WHAT NEEDS TO BE DONE » Copy out the data below from the line containing "妈妈👩教我做的皮蛋瘦肉粥🥣简单快捷美味😋" to the line containing "A. Beyer Chevron Print Dress w/Belt", both lines included, with all images left out.

GIVEN RECORDS »
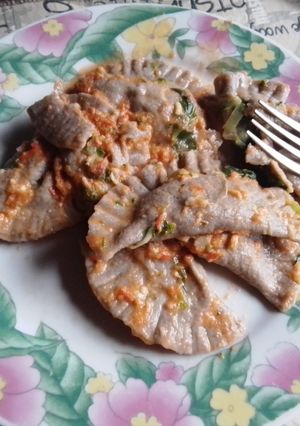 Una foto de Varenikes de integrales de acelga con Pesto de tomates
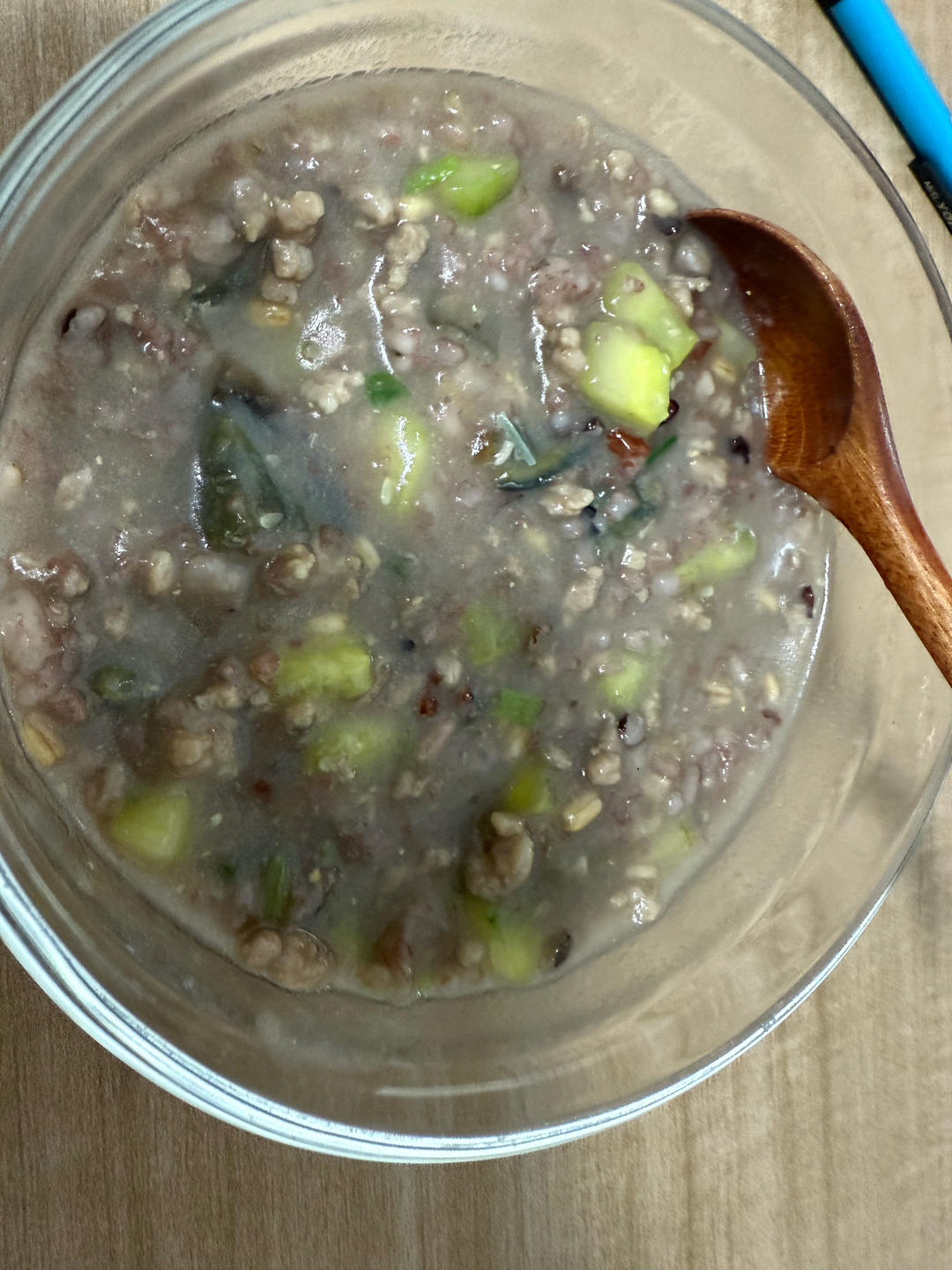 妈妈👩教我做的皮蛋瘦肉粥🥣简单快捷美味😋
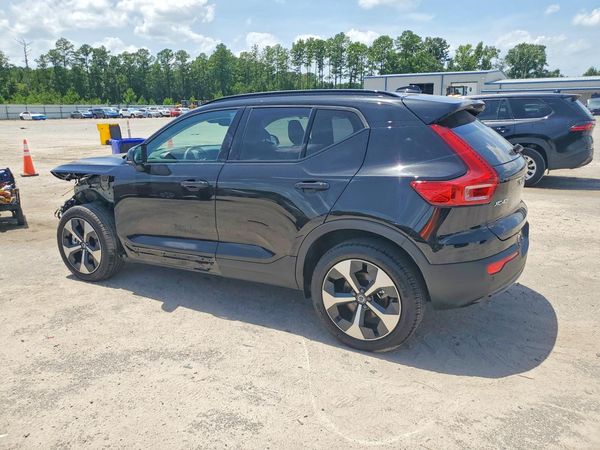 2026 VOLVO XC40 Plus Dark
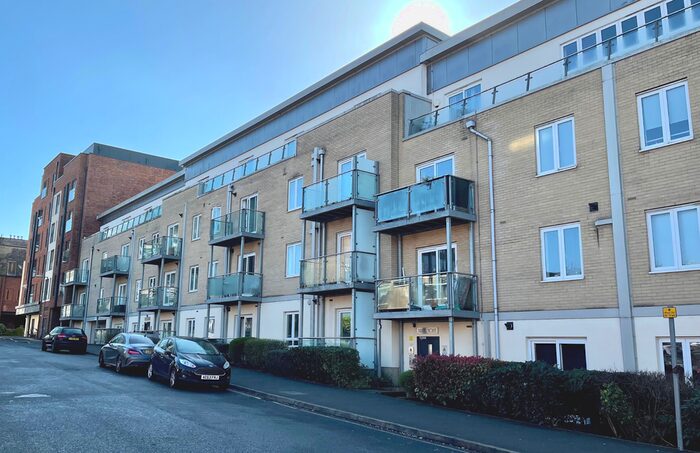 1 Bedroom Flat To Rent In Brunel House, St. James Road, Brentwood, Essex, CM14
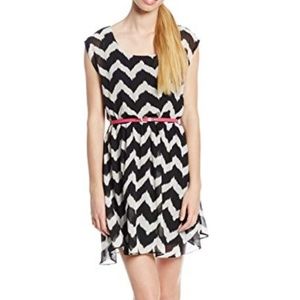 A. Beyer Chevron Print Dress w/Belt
---
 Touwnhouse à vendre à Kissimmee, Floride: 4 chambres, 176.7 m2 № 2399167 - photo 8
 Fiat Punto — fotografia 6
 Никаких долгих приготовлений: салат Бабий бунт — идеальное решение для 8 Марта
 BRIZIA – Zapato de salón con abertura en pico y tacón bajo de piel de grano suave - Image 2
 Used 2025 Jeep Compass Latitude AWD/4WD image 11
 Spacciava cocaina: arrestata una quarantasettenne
--
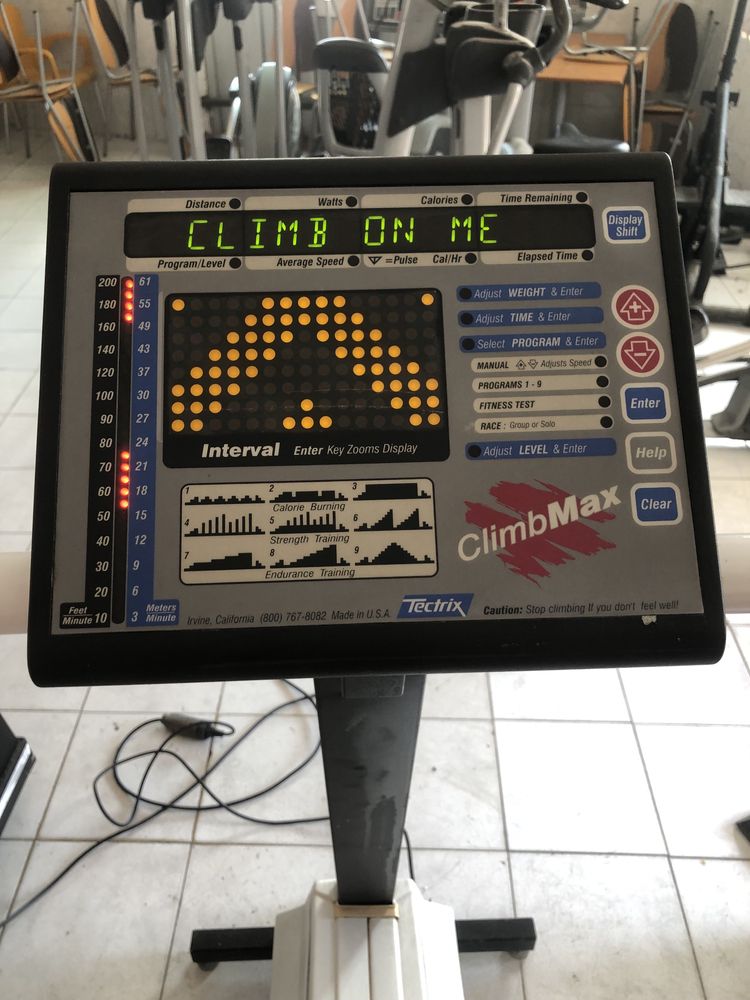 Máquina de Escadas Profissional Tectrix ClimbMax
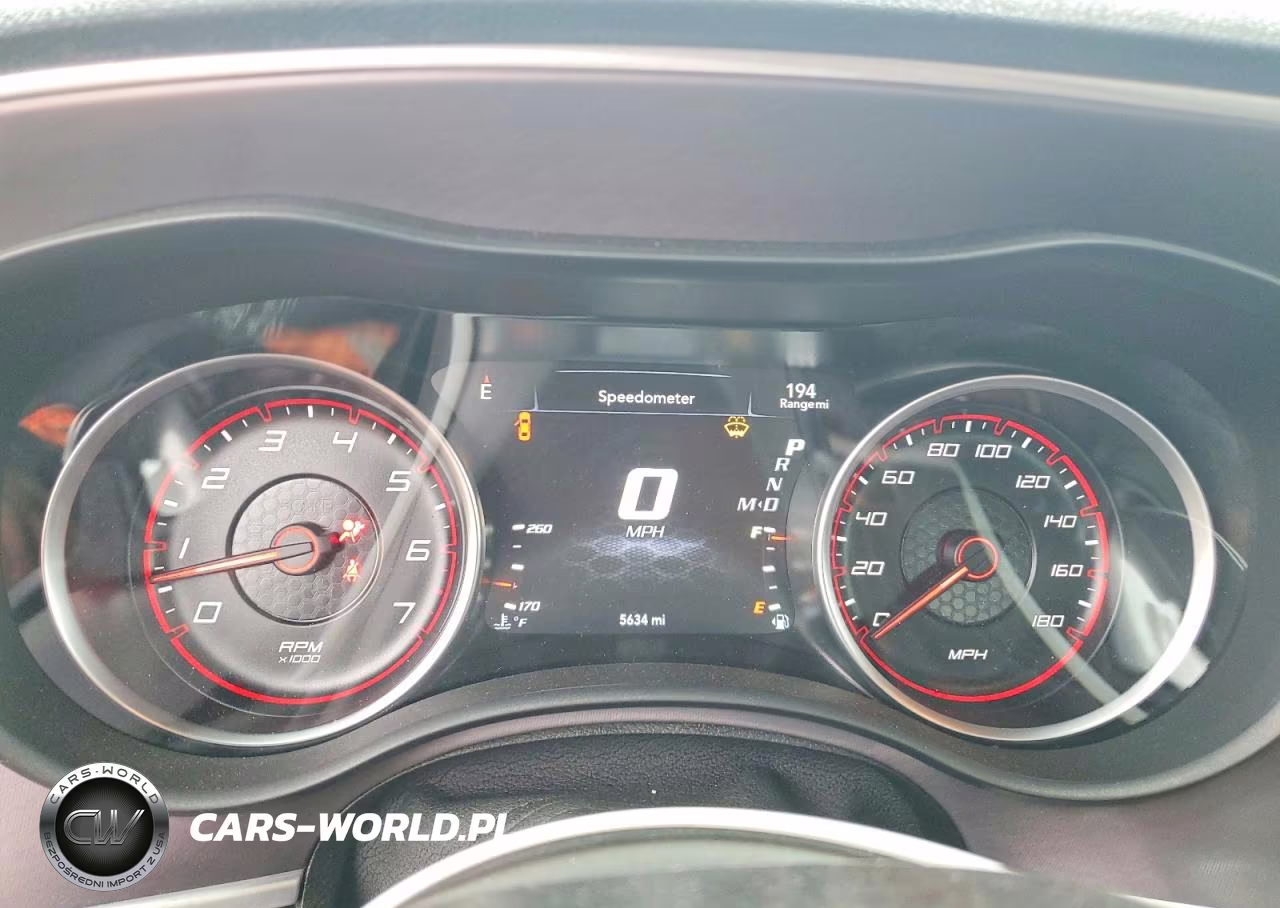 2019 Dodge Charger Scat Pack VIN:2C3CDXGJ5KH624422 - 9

ANSWER FOR THE TASK »
 妈妈👩教我做的皮蛋瘦肉粥🥣简单快捷美味😋
 2026 VOLVO XC40 Plus Dark
 1 Bedroom Flat To Rent In Brunel House, St. James Road, Brentwood, Essex, CM14
 A. Beyer Chevron Print Dress w/Belt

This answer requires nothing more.